Clostridium difficile infections are associated with development of the systemic inflammatory response, including the production of hepatic acute phase proteins. Lipopolysaccharide (LPS) directly stimulates the production of at least one of these proteins, a 23-kDa acute phase protein (the LPS-induced protein, or LIP) by murine hepatocytes in vitro. The aim of the present study was to determine if C. difficile toxins also stimulated the synthesis of this protein in vitro.


Cultured murine hepatocytes were treated for 24 h with various concentrations of C. difficile culture extract or purified toxins A and B in the presence or absence of dexamethasone or interleukin-1 (IL-1) receptor antagonist (IL-1 RA). The cells were then metabolically radiolabeled with [35S]methionine. Secretory proteins were identified using electrophoresis and autoradiography, and their synthesis was quantitated by image analysis of the autoradiograms.

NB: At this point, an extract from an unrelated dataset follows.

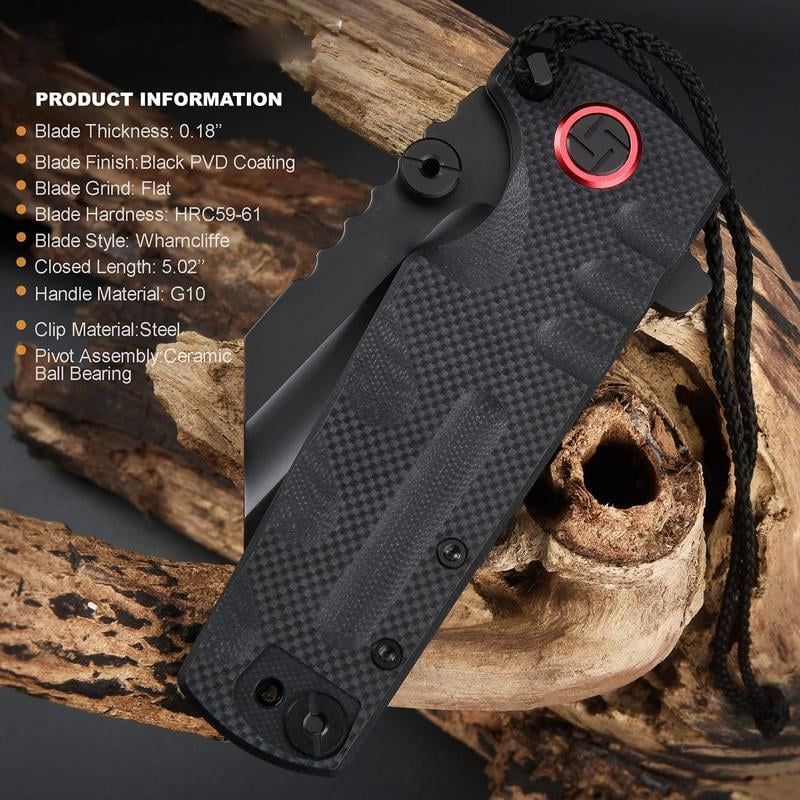 ⏰Final 7-hour Only 29.99🎁-PROPONENT ATZ-1820P D2 Steel Black PVD Blade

The C. difficile culture extract, at dilutions as low as 1:200,000, significantly stimulated LIP synthesis in vitro. Toxins A and B, at concentrations as low as 1.6 and 0.02 pg/ml, respectively, also induced production of this protein. Dexamethasone further augmented C. difficile toxin-stimulated synthesis of LIP, but IL-1 RA inhibited the effects of these toxins on the synthesis of this protein. Only minimal quantities of IL-1 were found in culture supernatants following treatment with the toxins.


C. difficile toxins A and B, at very low concentrations, stimulate hepatocyte acute phase protein synthesis. Even though IL-1 RA inhibits this process, it does not appear that local production of IL-1 mediates the action of these toxins.